Cloud Architecture and Open Source
Where does Open Source fit into the Cloud? Many places…
Cloud Server Software
This can come in two flavors: One which does a client-side cloud and the other which runs as a server for multiple clients. The client-side cloud basically does all the logical processing on the client and uses various cloud storage options. Server options are things like Eucalyptus and OpenStack.
There are various cloud clients with various licensing and business model schemes. We prefer an active community and open source development. Actually some of these are harder to find out there with the Google. The best will connect to multiple cloud systems as a client.
- CyberDuck S3, Google Docs, Google Storage, FTP, etc.
- Unilium A client for creating clouds from various sources, essentially software raid in the sky
Here is an article that discusses various cloud options and has the story mostly right.
Other Open Source S3 Options
Amazon and Google Clouds
For convenience, we like the Amazon Web Services and Google Storage clouds, though there is Rackspace and others. Amazon is the leader but Google (and others) are also creating developer-facing cloud infrastructure.
Next we have to talk about the data, and then we talk about principles. Data first.
The three dimensions here are file size (small to huge), importance of data (very to small inconvenience), and frequency of change. Here are some different kinds of data:
5mb files on average, a lot of them, significant annoyance if I lost all 63gb of my music collection, but the world would not end. Don’t need to sync or share. Maybe weekly or monthly backup is fine. Not a huge number of changes in a given week or month, though the iTunes data will change. I would pay $10/month to back this up, especially if I could access this via other devices, or even stream it remotely.
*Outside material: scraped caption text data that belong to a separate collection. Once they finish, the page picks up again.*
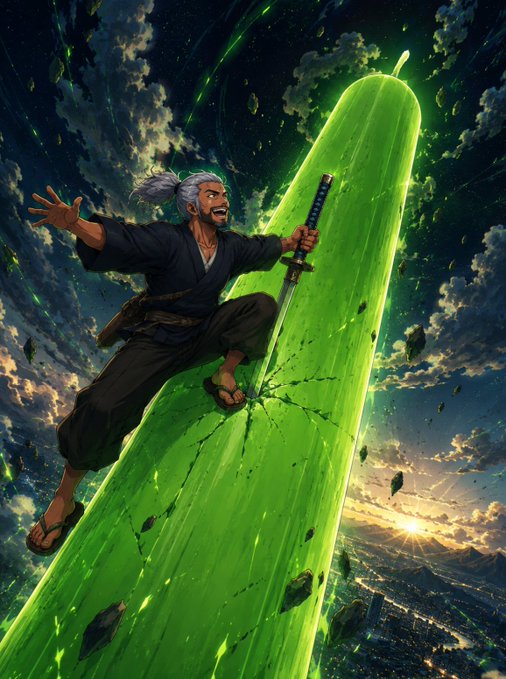 Anime-style illustration of a white-haired samurai in black robes riding a massive glowing green energy beam through a dramatic cloudy sky with a sunset below.
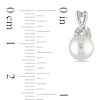 Thumbnail Image 1 of 7.5 - 8.0mm Cultured Freshwater Pearl and Diamond Accent Drop Earrings in 10K White Gold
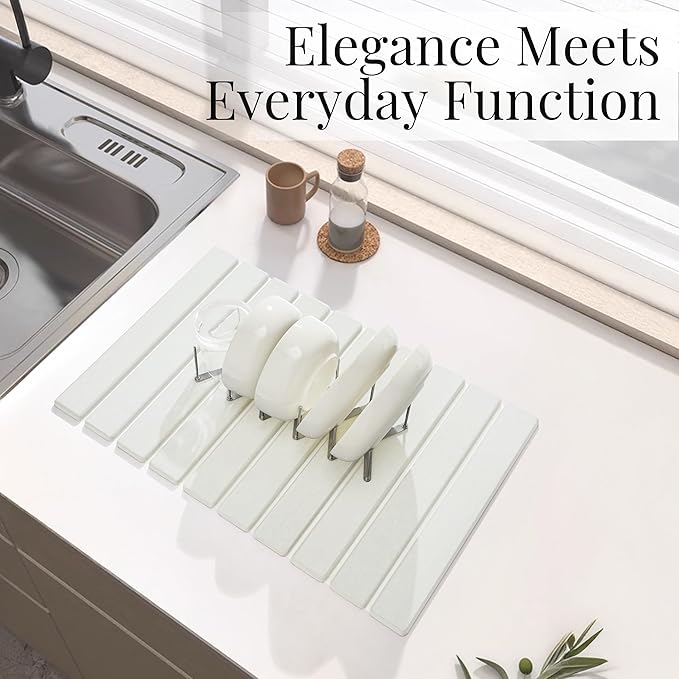 Diatomaceous Stone Dish Drying Mat with Collapsible Steel Rack - Quick Dry Kitchen Counter Set Space Saving Foldable Dryer
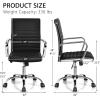 imageGiantex Ribbed Office Chair Ergonomic Modern Leather Desk Chair with Adjustable Height ampamp Arms Swivel Mid Back Executive Conference Room Chairs for Meeting Room BlackBlack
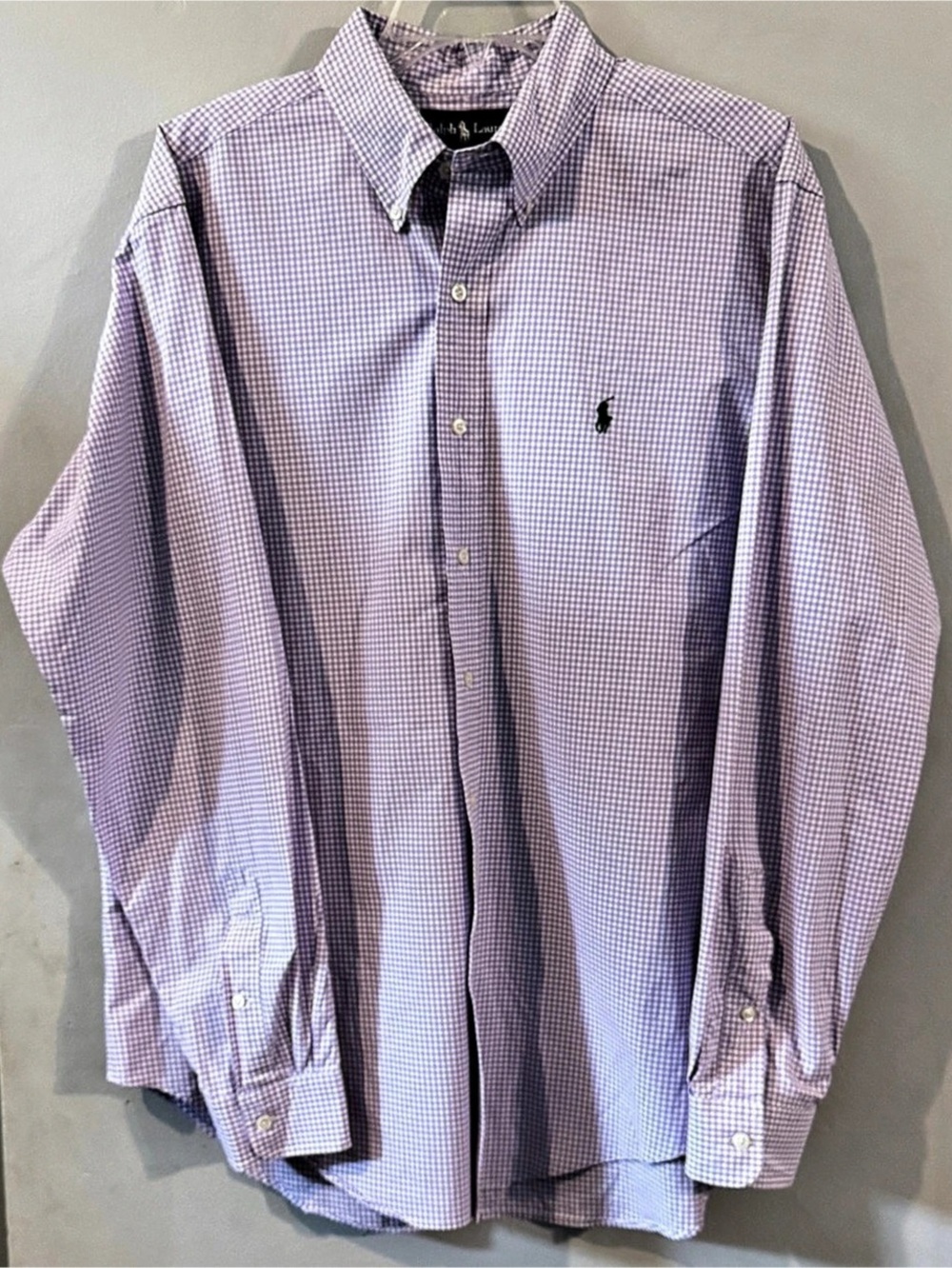 Ralph Lauren Gingham Button Down in Purple & White Large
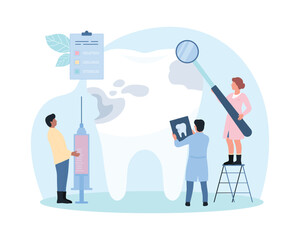 Caries treatment, stomatology vector illustration. Cartoon tiny dentists take care giant human tooth, people examine plaque on enamel of tooth with magnifying glass and xray, treat dental problems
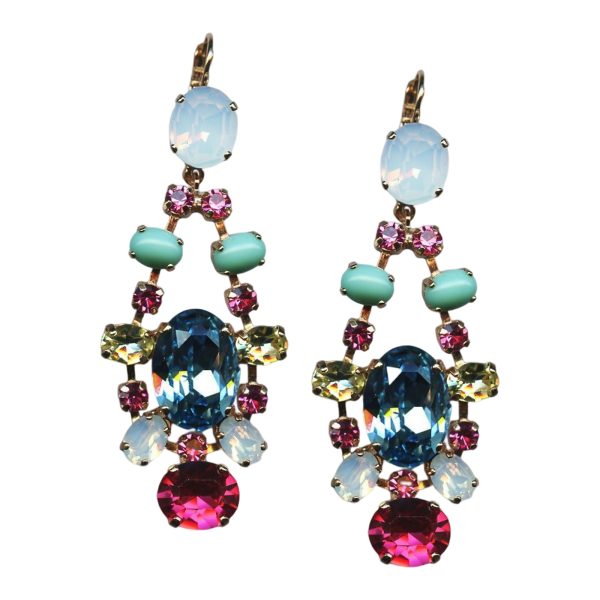 Mariana Earrings Glamorous Rose, White Opal, Sapphire, Jonquil, & Turq Austrian Crystals Margarita Cocktail Hour Coll.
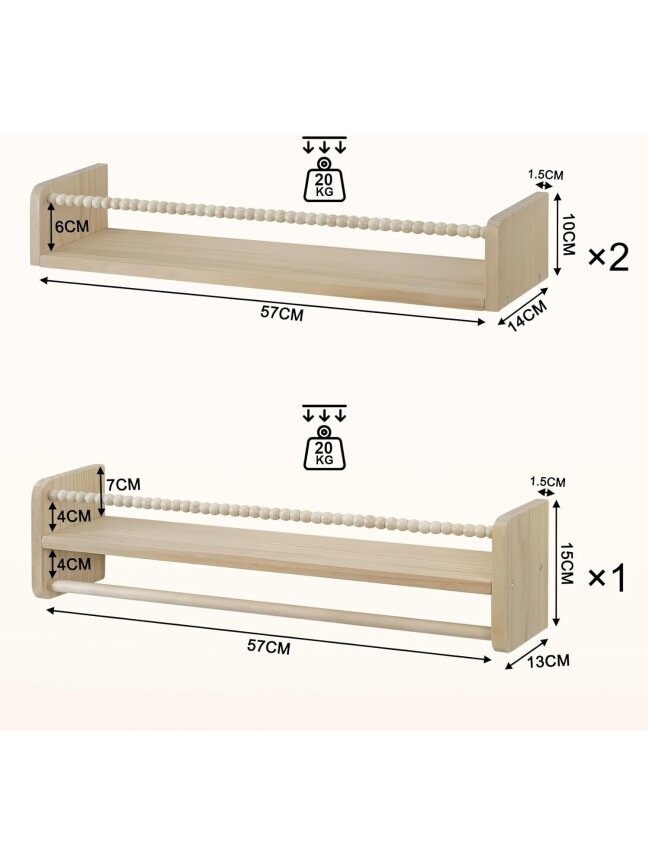 3 laste raamaturiiuli komplekt, 40 cm seinariiulid lastetuppa. 5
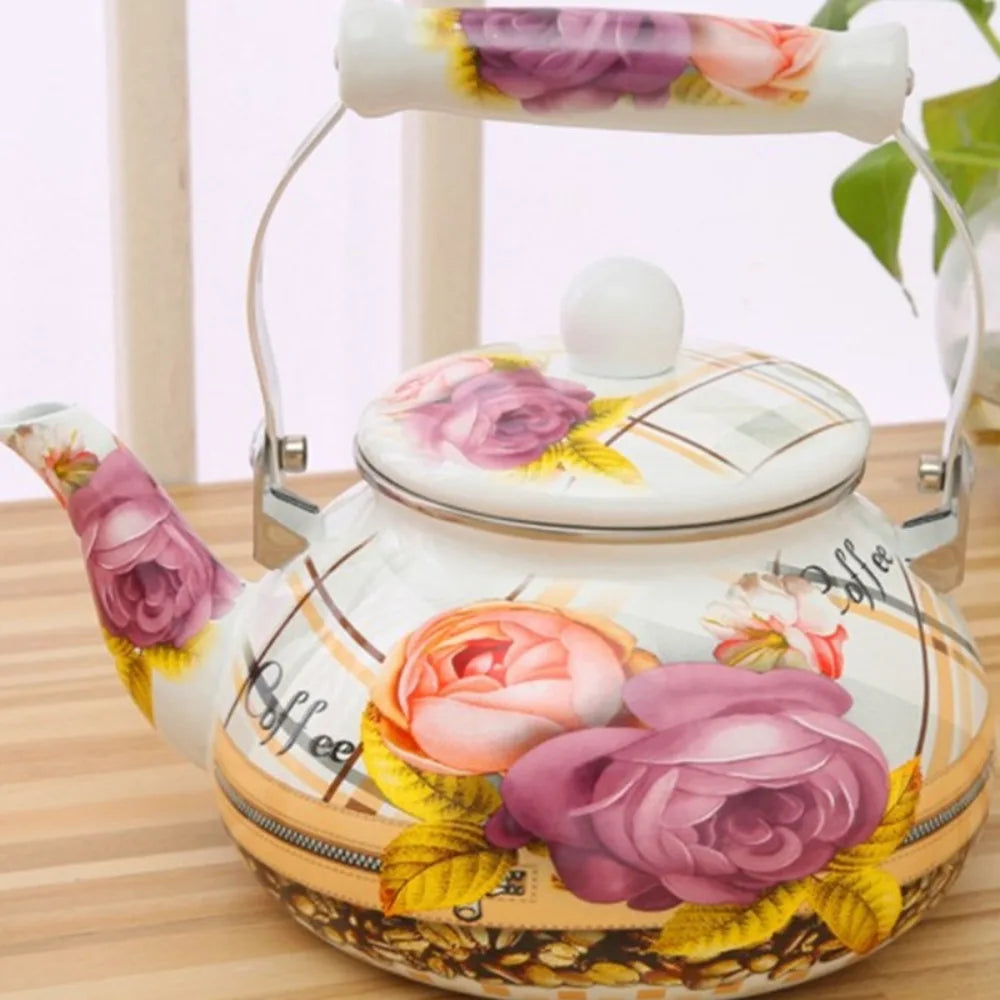 Chinese Style Enamel Teapot Floral Enameled 2.5L Gas Water Kettle Antiscald Handle Pear-shaped Coffee Pot Gas Induction Cooker Peaceful Pleasures Health and Wellness J
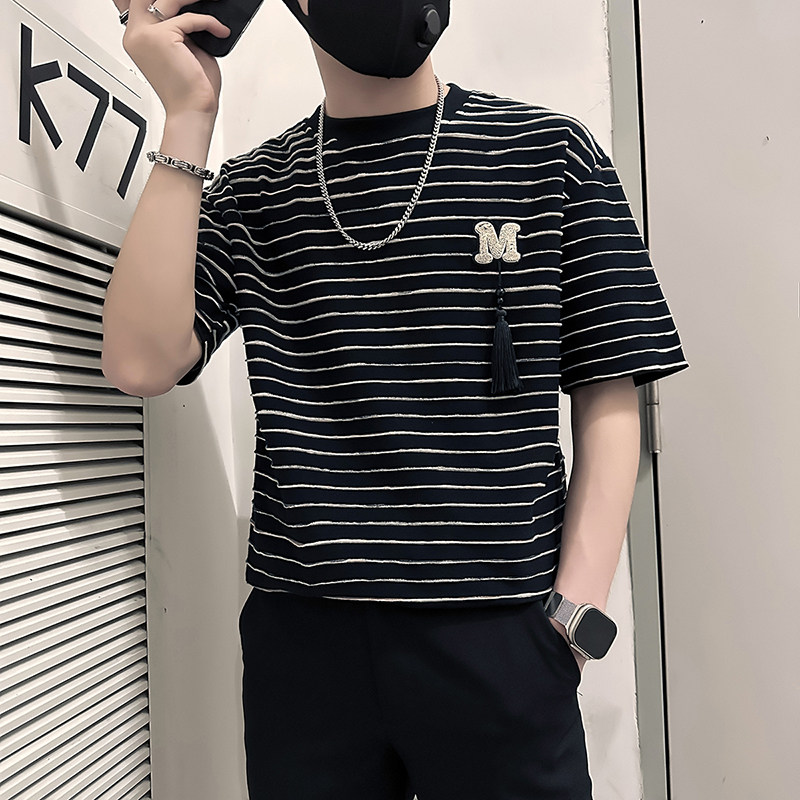 B323-DT74-P55控75社会小伙短袖T恤男店主风条纹痞帅半截袖衣服,男装T恤,星座301C（原B323）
Huge 700mb files, many of these, something like 100gb. Small annoyance if lost (search and download time). Maybe every six months back this up. Possible not to include this on the online backup and just keep on a disk. Depends on the cost. I would pay $10/six months to back this up but not $10/month.
Now it turns out that Google is pricing at 0.25 USD/gb/year means 100gb is $25/year, just over $2/mo. This is the kind of pricing I could live with for permanent backup copy. As long as it wouldn’t cost more to get access to the files if and when needed (e.g., hard drive crash).
The principle with sync is that it is an automated backup and/or multiple devices have the same file. If restore or copy functions are good enough, then my particular use cases do not require synchronization. Maybe if there were heavy-duty collaboration between remote participants, but that is not the case.
Another feature of Sync (though this could just be good backup) is the need to do a difference update so only changed files (or better, changed bits) are copied/backed up.
Currently we use web mail (aka Google Hosted Apps). However, sharing through sync would be very useful because it could be on-demand sharing without notification needed.
- Easy first, otherwise it doesn’t happen. Same with cheap.
- Get a hosted service that works great at low price, and then construct a plan to backup that service.
That means Dropbox complemented by Unilium and Cyberduck. Not a bad set of choices at this stage in the evolution of the cloud.